Tuesday, March 23, 2021

Of all the spiritual topics in the Bible, there are few that are more difficult to discuss in our society than the subject of submission in marriage.  Americans never have been particularly submissive people to begin with, and in the decades since the Sexual Revolution, most traces of an older patriarchal culture have been obliterated.  People who accept without batting an eyelash that there are 30 different genders will explode with outrage at the thought that wives ought to submit to their husbands.

In our study of submission, our goal is not to be conformed to the America of 2021.  However, neither is it to be conformed to the America of 1950, nor indeed to the worldly ideas of any time and place.  Instead, we want to be transformed to become unlike the world and to be conformed to the image of Christ. 

In this, our greatest enemy is not our society but ourselves.  All of us who are married, husbands and wives alike, know the temptation to put ourselves first instead of our spouses.  The selfishness within us is the foe we must defeat.  With this in mind, let’s consider what the Bible has to say about submission.
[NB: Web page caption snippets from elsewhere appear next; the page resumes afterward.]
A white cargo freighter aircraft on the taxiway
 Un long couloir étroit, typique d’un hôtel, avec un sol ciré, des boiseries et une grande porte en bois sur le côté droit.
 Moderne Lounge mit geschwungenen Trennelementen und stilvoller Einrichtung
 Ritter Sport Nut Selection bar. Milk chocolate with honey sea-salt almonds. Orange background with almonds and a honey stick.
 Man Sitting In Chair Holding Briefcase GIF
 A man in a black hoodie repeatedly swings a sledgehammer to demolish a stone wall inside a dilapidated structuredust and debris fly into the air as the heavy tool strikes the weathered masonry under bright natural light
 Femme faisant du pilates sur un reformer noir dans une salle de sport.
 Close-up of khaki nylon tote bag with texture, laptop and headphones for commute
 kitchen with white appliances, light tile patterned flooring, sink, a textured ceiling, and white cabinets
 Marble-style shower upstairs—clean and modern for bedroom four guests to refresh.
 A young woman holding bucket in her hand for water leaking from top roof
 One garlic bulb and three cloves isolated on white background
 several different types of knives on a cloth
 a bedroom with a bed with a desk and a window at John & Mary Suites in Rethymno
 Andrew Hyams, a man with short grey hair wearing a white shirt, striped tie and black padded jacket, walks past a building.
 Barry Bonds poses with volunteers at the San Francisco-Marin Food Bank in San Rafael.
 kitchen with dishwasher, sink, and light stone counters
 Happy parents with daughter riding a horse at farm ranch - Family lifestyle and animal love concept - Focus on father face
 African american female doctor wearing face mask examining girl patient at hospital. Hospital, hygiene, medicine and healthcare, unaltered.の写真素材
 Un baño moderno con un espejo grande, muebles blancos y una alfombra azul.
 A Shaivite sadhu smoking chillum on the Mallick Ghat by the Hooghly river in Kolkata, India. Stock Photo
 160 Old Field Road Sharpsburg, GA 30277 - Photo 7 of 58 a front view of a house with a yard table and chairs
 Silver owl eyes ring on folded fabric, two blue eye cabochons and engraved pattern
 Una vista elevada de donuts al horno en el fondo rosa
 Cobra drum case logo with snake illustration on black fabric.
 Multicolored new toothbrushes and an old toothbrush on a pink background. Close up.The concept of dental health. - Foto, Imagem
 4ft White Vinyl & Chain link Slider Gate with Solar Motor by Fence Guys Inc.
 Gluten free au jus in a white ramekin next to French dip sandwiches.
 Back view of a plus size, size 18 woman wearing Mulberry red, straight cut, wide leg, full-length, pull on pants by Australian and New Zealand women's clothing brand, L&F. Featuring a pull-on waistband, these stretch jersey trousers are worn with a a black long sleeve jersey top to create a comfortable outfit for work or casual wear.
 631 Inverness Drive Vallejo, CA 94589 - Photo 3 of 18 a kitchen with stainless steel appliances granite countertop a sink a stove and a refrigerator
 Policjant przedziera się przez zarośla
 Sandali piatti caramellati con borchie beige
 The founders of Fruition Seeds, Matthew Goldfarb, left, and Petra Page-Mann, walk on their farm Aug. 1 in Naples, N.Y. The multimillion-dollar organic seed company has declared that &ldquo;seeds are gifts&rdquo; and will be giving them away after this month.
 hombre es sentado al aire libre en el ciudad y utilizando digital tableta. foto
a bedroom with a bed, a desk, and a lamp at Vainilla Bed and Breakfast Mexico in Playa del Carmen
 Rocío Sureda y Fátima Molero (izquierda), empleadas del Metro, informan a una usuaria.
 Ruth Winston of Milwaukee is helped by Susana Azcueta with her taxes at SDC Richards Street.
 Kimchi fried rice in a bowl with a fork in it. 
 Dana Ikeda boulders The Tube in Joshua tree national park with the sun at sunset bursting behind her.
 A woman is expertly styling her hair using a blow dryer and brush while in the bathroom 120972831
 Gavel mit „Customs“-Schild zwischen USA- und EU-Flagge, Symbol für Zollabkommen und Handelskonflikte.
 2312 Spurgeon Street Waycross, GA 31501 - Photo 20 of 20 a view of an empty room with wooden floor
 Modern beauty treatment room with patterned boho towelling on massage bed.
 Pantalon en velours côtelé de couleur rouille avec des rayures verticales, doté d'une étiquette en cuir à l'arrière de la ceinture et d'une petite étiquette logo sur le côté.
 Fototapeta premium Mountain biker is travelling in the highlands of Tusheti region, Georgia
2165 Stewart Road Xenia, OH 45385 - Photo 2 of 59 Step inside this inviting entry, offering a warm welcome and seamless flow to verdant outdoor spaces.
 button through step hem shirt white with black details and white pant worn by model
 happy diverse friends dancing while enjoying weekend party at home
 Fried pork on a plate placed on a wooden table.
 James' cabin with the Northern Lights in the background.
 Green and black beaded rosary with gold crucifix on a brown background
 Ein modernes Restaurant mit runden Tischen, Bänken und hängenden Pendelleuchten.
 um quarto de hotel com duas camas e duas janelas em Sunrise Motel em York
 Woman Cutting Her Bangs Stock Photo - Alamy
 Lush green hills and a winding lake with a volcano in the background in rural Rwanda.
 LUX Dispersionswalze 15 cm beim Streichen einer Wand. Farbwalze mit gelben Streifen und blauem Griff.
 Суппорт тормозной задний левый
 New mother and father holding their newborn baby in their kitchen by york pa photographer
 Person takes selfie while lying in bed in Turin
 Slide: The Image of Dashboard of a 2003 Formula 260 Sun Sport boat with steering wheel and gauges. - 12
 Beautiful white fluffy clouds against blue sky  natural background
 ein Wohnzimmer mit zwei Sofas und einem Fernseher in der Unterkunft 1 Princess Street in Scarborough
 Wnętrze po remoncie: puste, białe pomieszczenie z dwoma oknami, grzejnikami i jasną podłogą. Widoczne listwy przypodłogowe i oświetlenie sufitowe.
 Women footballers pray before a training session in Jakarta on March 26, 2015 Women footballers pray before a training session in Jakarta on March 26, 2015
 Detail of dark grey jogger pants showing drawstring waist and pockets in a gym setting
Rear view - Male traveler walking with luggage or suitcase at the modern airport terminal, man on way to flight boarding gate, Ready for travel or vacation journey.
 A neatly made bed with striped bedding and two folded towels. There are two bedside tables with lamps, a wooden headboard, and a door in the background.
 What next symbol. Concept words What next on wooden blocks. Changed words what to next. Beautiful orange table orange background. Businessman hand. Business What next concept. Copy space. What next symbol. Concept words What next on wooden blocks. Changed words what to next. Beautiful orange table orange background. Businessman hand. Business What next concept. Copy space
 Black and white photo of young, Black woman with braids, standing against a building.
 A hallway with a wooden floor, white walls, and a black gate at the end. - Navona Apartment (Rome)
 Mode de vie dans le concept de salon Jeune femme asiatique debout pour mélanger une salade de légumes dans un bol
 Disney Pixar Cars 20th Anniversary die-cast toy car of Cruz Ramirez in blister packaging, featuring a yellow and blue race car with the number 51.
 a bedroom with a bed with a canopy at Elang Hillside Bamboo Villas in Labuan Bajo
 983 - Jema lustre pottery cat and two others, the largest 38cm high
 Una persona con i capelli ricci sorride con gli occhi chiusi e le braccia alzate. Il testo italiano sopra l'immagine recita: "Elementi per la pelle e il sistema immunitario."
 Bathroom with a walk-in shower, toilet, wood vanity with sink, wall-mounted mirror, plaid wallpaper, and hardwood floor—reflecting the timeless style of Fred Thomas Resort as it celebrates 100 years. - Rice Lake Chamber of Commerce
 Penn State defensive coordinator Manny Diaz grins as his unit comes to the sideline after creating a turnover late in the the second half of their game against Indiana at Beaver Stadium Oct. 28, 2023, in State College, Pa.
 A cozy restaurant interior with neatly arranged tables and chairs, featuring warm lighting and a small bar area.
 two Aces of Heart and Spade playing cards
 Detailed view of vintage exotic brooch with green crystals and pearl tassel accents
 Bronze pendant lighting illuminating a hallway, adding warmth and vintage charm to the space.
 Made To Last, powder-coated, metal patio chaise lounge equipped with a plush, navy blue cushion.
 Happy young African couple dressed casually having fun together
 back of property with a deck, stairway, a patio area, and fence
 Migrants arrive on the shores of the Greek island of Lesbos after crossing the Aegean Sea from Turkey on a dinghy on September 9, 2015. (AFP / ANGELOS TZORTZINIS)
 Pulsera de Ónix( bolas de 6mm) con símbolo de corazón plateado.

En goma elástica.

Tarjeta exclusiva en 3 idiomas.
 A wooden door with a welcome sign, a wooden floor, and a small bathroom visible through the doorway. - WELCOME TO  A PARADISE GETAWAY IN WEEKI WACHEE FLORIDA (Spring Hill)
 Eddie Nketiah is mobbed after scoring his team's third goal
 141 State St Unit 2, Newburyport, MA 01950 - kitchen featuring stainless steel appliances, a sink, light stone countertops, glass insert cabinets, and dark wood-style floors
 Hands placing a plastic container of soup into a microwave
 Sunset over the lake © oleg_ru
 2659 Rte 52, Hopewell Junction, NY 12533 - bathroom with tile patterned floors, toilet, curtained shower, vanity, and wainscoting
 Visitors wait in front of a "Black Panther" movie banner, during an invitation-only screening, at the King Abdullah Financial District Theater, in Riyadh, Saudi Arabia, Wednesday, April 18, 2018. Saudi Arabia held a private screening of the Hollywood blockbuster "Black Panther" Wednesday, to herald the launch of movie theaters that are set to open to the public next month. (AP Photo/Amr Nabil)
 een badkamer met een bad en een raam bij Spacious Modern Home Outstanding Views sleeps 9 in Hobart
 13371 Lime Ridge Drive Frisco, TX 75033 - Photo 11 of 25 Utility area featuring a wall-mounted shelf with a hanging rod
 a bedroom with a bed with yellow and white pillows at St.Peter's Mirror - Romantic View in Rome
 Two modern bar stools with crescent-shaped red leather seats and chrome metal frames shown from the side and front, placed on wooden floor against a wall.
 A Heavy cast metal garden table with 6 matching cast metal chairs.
This morning, we’re going to confine ourselves to the discussion of marriage in the latter half of Ephesians 5.  However, we’re going to start this study slightly earlier than is usual by considering what the Scriptures reveal about WHO MUST SUBMIT.  Paul lays this out in Ephesians 5:18-21.  This is one of the places where paying attention to a verse’s immediate context is vital.  Yes, women are told to submit to their husbands in the next two verses, but 5:21 makes clear that submission isn’t a woman thing.  It’s a Christian thing.  All of us are to submit to one another, and that’s emphatically true of both spouses in a marriage!

Indeed, I think it’s appropriate to read v. 21 as a subject heading for everything from 5:22-6:9.  Paul is telling spouses, children, parents, servants, and masters what submission looks like in their particular situation.  We all are in different positions, but all of us are to share in the mind of Christ.

For that matter, it’s worth paying attention to the context of v. 21 too.  “Submitting” is actually the last of three instructions that are given to us in a series, and all of them are expressions of a spiritual state.  We are supposed to submit for the same reason that we sing and that we give thanks.  All three of those are products of our choice not to be drunk with wine, but to be filled with the Spirit, back in v.18.  Even though we’re not in Galatians 5 here, it’s completely legitimate to say that submission is a fruit of the Spirit.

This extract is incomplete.